= Archibald Currie MacGilchrist =

British Army medical officer and naturalist from Scotland

Archibald Currie MacGilchrist (born Killarrow, on the island of Islay in Argyllshire 24 May 1872 - died Calcutta, India 14 May 1948) was a British Army medical officer and naturalist from Scotland. He graduated as a Master of Arts from the University of Glasgow in 1894. In 1898 he graduated from the University of Edinburgh as a Vans Dunlop scholar and a M.B.Ch.B, later gaining a D.Sc. in 1911. On 27 January 1900 he was appointed a lieutenant in the Indian Medical Service of the British Army, on 27 January 1903 he was promoted to captain, by 1911 he was a major. In 1927 he retired on his 50th birthday with the rank of lieutenant colonel. He was attached to the 7th Lancers as part of the No. 57 Native Field Hospital, during the Boxer Rebellion and received the China War Medal for his part in the Siege of the International Legations in Peking, for which he also received the Military Order of the Dragon from the Chinese Government. His scientific work included research on quinine and its salts and he was Surgeon-Naturalist on board R.I.M.S. Investigator.
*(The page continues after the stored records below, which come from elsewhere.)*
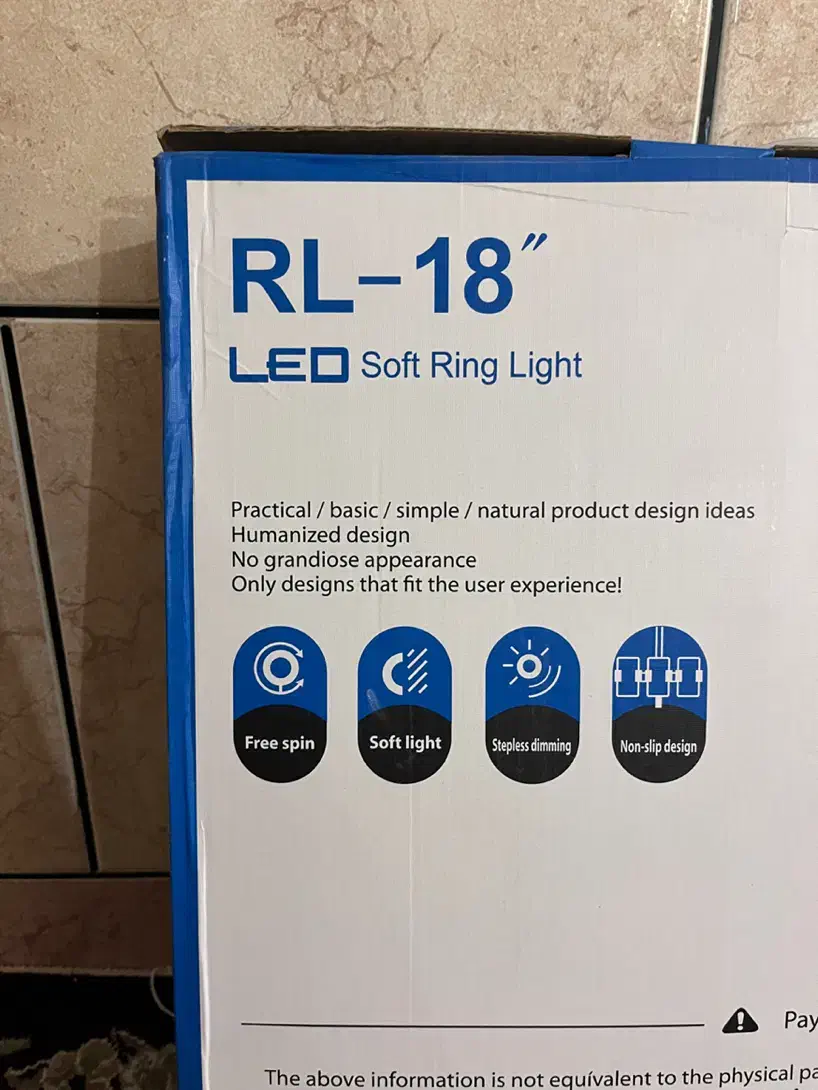 رینگ لایت حرفه ای نو/ زیر قیمت با تخفیف|لوازم جانبی موبایل و تبلت|ساوه, |دیوار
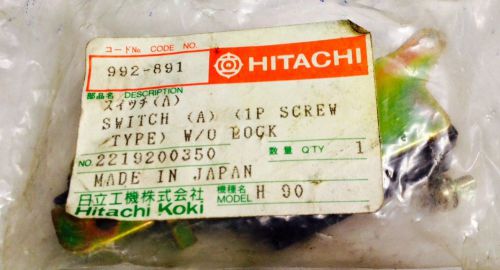 Hitachi switch 992-891 for sale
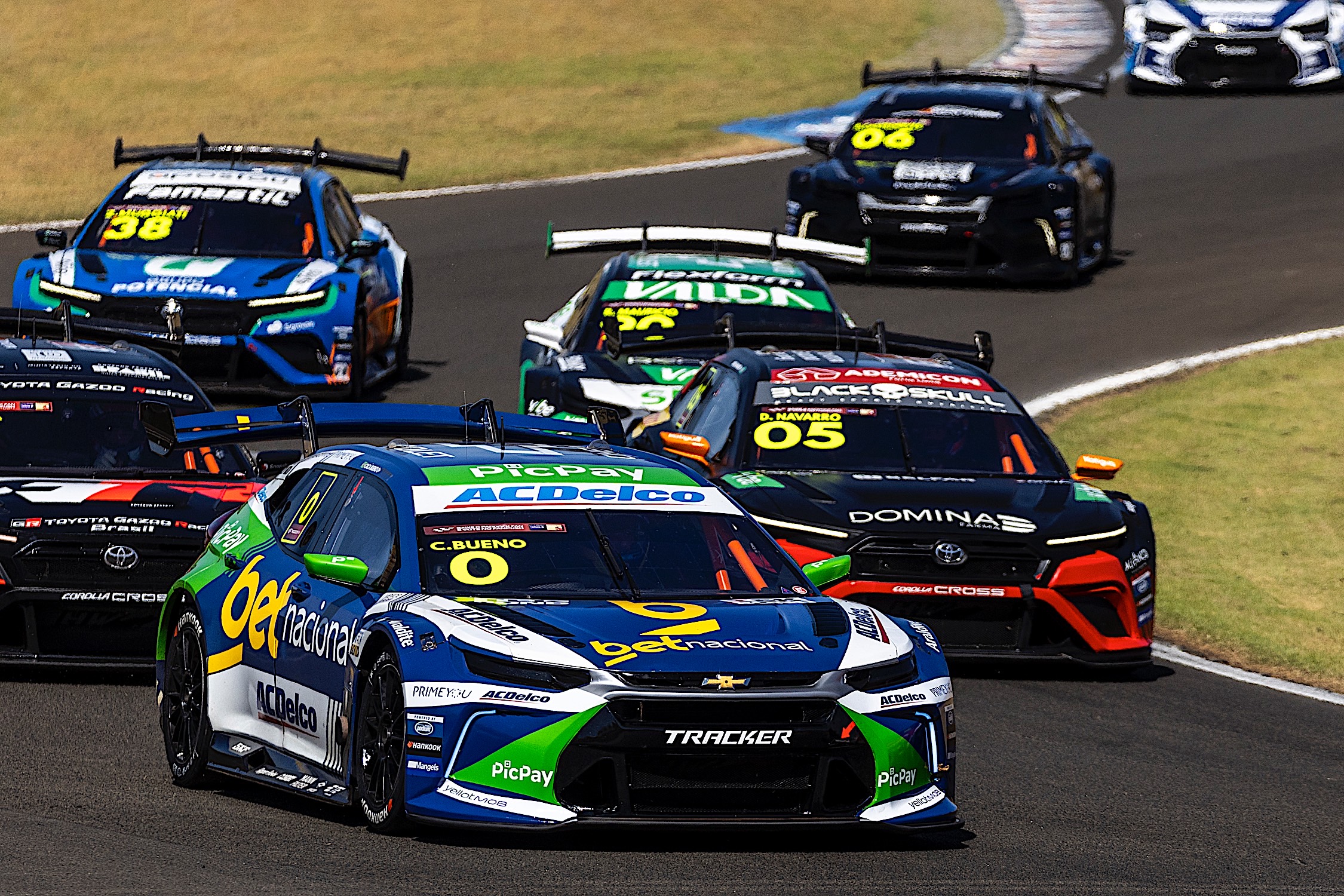 Stock Car: Cacá Bueno conta com evolução do carro e escala nove posições na Sprint no Velocitta Cacá Bueno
His other scientific interest was the decapod crustaceans of the Indian Ocean. His fellow Indian Medical Service officer, Alfred William Alcock. named an anomuran, Pylocheles (Bathycheles) macgilchristi in his honour. McGilchrist named the deep see fish Dysalotus alcocki in honour of Alcock in gratitude for the guidance and help he gave MacGilchrist. After retiring MacGilchrist appears to have remained in India and he died of unknown causes in Calcutta on 14 May 1948 at the age of 75.